Image-caption web data:
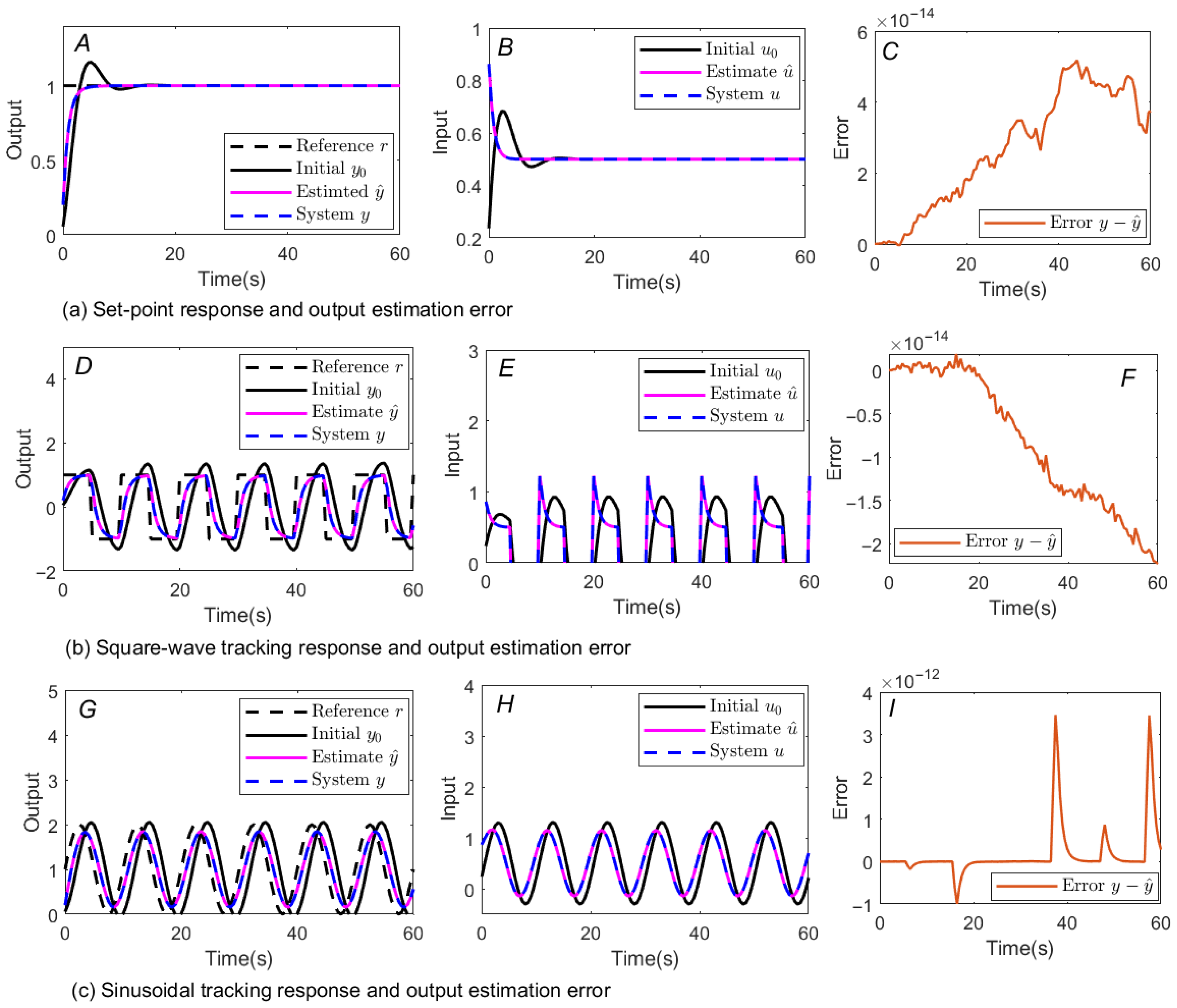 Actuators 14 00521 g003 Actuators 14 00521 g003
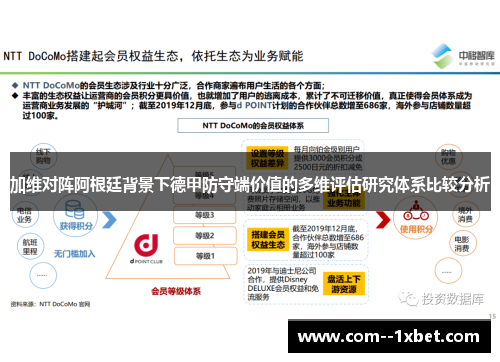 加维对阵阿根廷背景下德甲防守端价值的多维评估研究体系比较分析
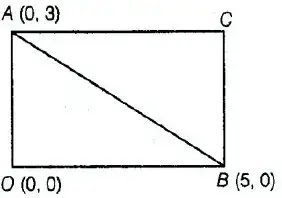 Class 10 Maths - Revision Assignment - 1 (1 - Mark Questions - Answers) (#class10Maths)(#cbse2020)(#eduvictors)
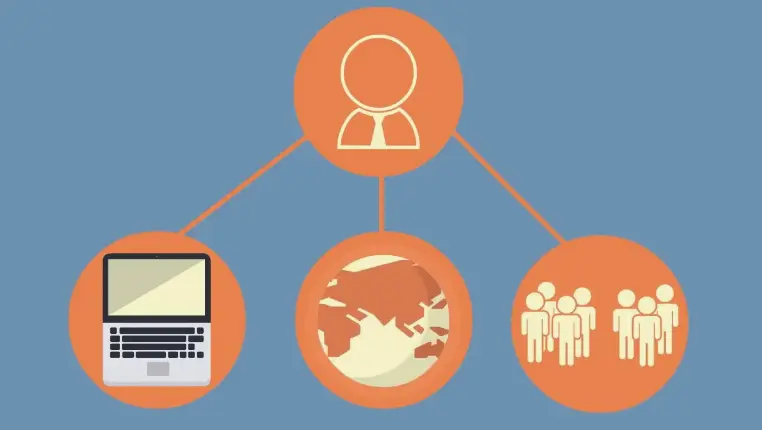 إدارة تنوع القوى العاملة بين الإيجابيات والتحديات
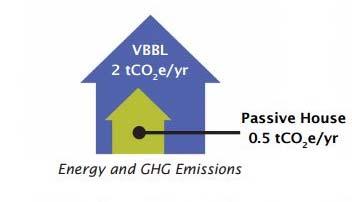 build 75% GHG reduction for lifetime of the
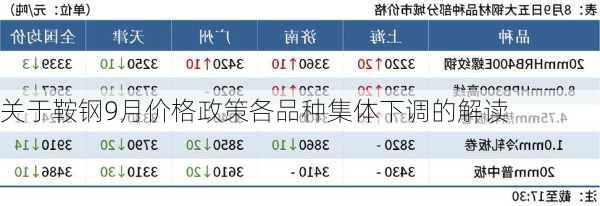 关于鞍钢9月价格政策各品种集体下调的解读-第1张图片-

__About this task__
Pictures aside, retype the entries above exactly as they are.

__Your solution__
 Actuators 14 00521 g003 Actuators 14 00521 g003
 加维对阵阿根廷背景下德甲防守端价值的多维评估研究体系比较分析
 Class 10 Maths - Revision Assignment - 1 (1 - Mark Questions - Answers) (#class10Maths)(#cbse2020)(#eduvictors)
 إدارة تنوع القوى العاملة بين الإيجابيات والتحديات
 build 75% GHG reduction for lifetime of the
 关于鞍钢9月价格政策各品种集体下调的解读-第1张图片-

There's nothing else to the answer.